Wednesday, January 10th, 2018

Burdens of Proof & Restitution Under The MVRA

Yesterday the Second Circuit issued a short opinion concerning the burdens of proof for modifying restitution orders under the Mandatory Victims Restitution Act (MVRA), 18 U.S.C. §§ 3663A & 3664. Specifically, the panel held that the district court acted within its discretion in requiring the defendant to prove that a victim recovered money in civil litigation “for the same loss” caused by the defendant. Id. § 3664(j)(2) (requiring that a restitution order be reduced by the amount of such recoveries). The opinion in United States v. Smathers, No. 16-2394 (Kearse, Cabranes, Wesley) (per curiam) (appeal from Hellerstein, J., SDNY), is available here.

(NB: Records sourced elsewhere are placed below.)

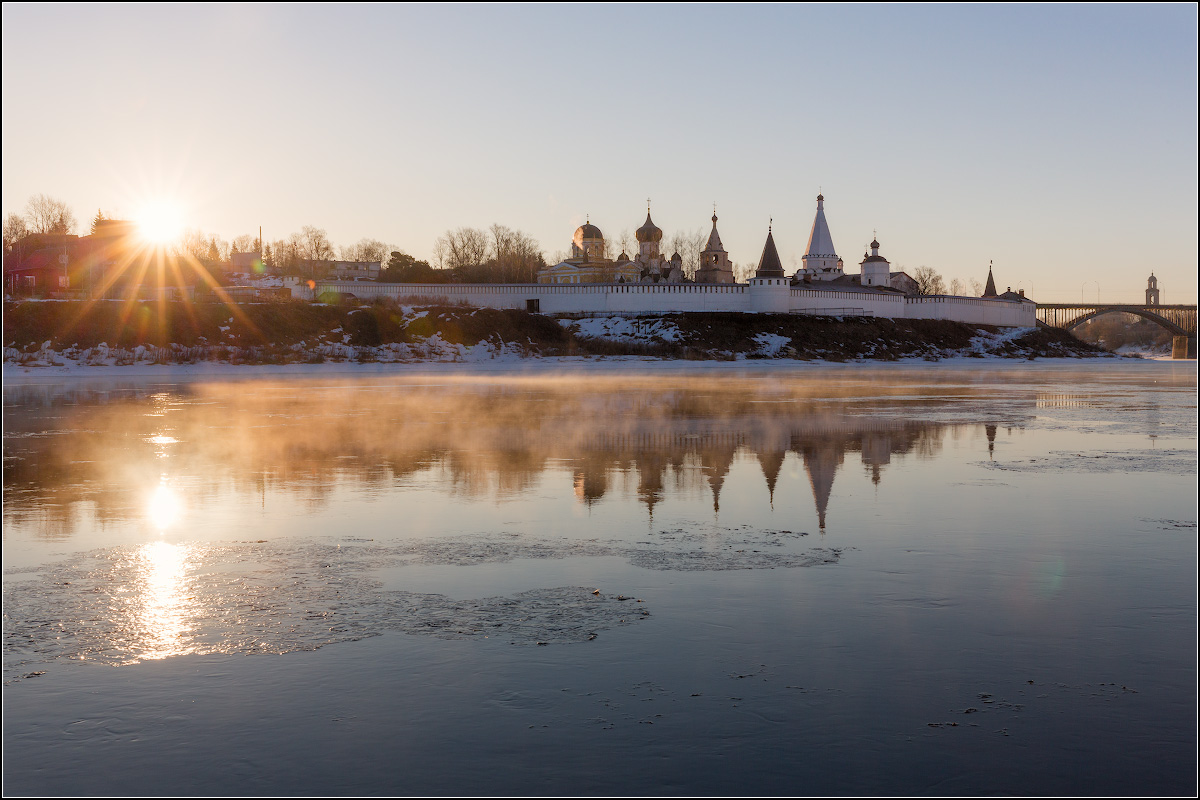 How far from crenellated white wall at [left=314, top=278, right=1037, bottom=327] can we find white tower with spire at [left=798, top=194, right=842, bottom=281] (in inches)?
621

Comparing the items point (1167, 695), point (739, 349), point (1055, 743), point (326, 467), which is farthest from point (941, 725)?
A: point (739, 349)

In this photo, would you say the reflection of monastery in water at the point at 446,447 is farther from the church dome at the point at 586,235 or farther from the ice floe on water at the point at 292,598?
the church dome at the point at 586,235

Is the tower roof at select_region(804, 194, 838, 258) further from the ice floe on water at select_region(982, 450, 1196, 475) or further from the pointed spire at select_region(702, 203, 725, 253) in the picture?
the ice floe on water at select_region(982, 450, 1196, 475)

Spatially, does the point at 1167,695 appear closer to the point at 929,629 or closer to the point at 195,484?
the point at 929,629

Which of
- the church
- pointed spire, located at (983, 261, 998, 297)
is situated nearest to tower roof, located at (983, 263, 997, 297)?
pointed spire, located at (983, 261, 998, 297)

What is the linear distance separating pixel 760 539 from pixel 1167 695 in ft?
16.2

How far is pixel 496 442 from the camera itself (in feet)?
64.9

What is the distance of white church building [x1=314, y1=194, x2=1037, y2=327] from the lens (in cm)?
9244

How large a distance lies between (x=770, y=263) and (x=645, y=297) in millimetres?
16420

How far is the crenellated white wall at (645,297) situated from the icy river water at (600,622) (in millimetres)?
73754

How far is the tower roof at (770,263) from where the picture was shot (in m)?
103

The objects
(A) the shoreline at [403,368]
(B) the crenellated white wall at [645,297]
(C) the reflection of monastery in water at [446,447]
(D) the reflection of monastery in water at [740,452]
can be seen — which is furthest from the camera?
(B) the crenellated white wall at [645,297]

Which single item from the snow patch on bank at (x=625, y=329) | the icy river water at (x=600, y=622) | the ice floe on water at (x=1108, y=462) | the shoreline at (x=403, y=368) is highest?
the snow patch on bank at (x=625, y=329)

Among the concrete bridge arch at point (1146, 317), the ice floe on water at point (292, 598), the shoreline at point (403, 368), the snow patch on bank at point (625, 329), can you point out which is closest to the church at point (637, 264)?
the snow patch on bank at point (625, 329) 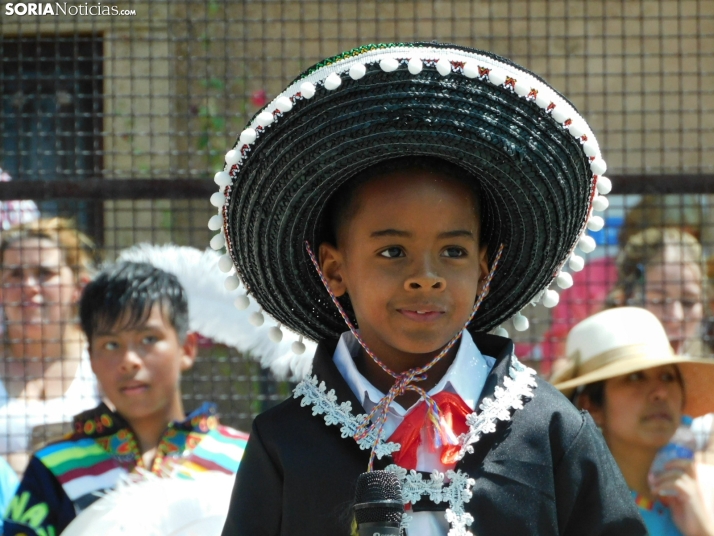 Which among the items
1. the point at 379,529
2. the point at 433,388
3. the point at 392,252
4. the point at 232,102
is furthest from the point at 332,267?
the point at 232,102

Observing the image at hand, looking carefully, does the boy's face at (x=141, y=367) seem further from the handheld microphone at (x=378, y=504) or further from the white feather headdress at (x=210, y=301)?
the handheld microphone at (x=378, y=504)

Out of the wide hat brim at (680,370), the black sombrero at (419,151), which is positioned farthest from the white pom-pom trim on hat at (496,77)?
the wide hat brim at (680,370)

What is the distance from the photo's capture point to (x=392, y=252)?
75.8 inches

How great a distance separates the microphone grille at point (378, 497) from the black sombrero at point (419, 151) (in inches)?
20.5

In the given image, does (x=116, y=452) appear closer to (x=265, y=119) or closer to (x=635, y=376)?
(x=635, y=376)

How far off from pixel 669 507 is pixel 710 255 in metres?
1.83

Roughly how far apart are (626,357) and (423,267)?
1.36 metres

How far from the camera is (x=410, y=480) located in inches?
72.5

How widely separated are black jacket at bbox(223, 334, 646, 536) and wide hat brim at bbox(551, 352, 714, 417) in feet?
3.62

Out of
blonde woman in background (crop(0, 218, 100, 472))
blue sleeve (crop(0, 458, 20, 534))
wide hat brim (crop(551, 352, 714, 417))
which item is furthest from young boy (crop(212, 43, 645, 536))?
blonde woman in background (crop(0, 218, 100, 472))

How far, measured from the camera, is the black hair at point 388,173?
1930 mm

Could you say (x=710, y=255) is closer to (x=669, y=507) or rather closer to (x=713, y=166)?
(x=713, y=166)

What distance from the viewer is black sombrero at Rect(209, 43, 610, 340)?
1766mm

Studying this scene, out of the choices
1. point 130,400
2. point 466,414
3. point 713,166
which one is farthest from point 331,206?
point 713,166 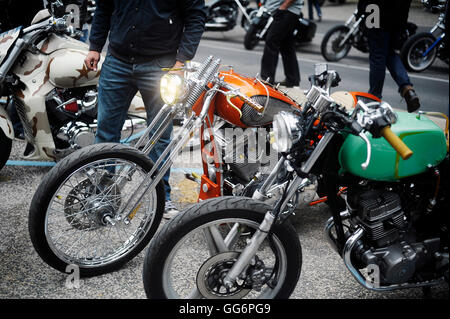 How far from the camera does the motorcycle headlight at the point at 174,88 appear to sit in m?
2.56

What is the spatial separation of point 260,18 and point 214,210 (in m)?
8.19

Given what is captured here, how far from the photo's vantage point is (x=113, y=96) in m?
3.12

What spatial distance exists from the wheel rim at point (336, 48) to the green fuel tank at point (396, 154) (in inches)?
285

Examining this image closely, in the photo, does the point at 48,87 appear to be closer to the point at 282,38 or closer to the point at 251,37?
the point at 282,38

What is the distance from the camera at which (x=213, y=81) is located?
2.63 m

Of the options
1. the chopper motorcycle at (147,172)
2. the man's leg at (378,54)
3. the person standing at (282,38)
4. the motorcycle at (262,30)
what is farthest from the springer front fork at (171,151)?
the motorcycle at (262,30)

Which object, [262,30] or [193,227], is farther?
[262,30]

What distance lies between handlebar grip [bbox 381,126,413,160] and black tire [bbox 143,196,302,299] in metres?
0.59

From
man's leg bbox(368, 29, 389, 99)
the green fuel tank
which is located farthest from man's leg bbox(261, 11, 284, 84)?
the green fuel tank

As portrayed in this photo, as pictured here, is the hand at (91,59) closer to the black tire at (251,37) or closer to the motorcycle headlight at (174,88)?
the motorcycle headlight at (174,88)

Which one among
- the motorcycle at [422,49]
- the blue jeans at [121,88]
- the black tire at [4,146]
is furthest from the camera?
the motorcycle at [422,49]

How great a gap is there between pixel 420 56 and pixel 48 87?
267 inches

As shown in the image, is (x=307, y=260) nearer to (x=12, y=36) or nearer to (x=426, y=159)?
(x=426, y=159)

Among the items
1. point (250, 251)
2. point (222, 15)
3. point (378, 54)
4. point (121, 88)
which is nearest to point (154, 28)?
point (121, 88) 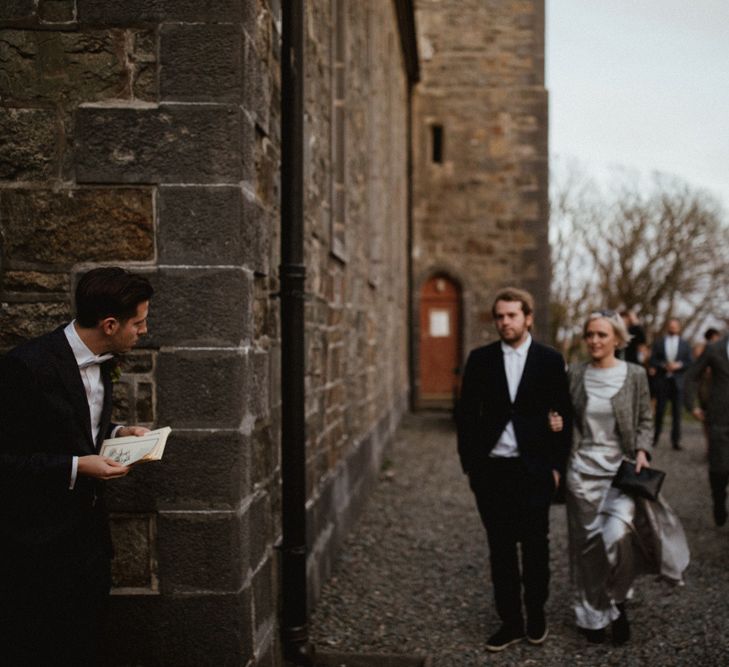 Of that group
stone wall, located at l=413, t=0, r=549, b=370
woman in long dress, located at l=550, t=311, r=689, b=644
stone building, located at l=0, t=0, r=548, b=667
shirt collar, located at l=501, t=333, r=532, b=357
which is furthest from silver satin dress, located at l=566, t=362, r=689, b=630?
stone wall, located at l=413, t=0, r=549, b=370

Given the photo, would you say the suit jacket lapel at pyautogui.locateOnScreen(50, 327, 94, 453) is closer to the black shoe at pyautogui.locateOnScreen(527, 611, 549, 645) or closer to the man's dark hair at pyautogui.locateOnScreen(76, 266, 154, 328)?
the man's dark hair at pyautogui.locateOnScreen(76, 266, 154, 328)

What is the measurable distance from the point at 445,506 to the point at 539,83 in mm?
13495

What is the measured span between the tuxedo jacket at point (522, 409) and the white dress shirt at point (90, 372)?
8.44 feet

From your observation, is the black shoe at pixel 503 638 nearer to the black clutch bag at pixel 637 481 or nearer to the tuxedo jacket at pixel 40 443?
the black clutch bag at pixel 637 481

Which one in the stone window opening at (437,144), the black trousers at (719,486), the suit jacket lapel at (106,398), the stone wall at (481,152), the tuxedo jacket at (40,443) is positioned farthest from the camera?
the stone window opening at (437,144)

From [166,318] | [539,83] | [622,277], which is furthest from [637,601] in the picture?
[622,277]

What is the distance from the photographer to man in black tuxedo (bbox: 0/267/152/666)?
8.65 feet

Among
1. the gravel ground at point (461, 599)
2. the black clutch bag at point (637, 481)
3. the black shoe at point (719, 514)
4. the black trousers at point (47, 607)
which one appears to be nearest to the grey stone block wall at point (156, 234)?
the black trousers at point (47, 607)

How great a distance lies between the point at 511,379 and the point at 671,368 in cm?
917

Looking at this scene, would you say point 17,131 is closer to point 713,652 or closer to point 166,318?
point 166,318

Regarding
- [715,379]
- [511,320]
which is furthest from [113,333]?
[715,379]

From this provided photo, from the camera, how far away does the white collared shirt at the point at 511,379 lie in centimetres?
494

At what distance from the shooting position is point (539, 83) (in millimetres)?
19984

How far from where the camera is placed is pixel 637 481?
491cm
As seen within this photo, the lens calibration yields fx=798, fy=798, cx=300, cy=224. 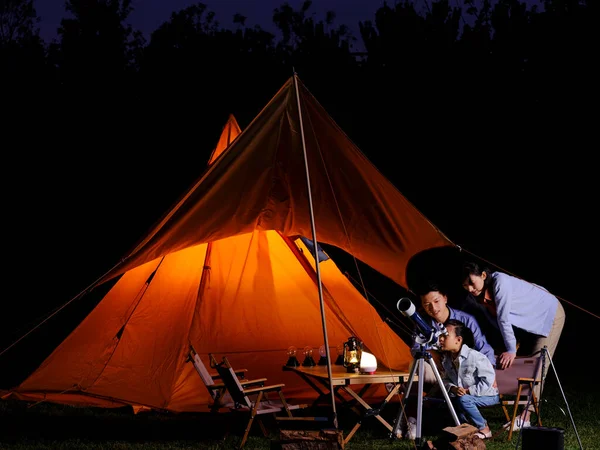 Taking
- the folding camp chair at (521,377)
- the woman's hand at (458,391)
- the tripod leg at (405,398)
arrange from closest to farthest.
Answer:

Mr. Smathers, a former AOL employee, was ordered to pay $84,000 in restitution to AOL in connection with his conviction for selling the company’s customer list to be used for spam. Through his attorney, Mr. Smathers requested that the district court determine whether this restitution order should be modified in light of reports that AOL had recovered $95,000 (and a Hummer!) in civil litigation related the sale of the customer list. The district court gave Mr. Smathers permission to file a motion—which was never filed—for “appropriate relief based on affidavits and competent proof.” Slip op. at 4 (quotation marks omitted). Years later, Mr. Smathers moved pro se, and without supporting evidence, for the district court eliminate his restitution obligation in light of AOL’s recoveries as described in his earlier request. The district court denied the motion, concluding that Mr. Smathers failed to show a connection between AOL’s recoveries in the civil judgment and the loss caused by Smathers.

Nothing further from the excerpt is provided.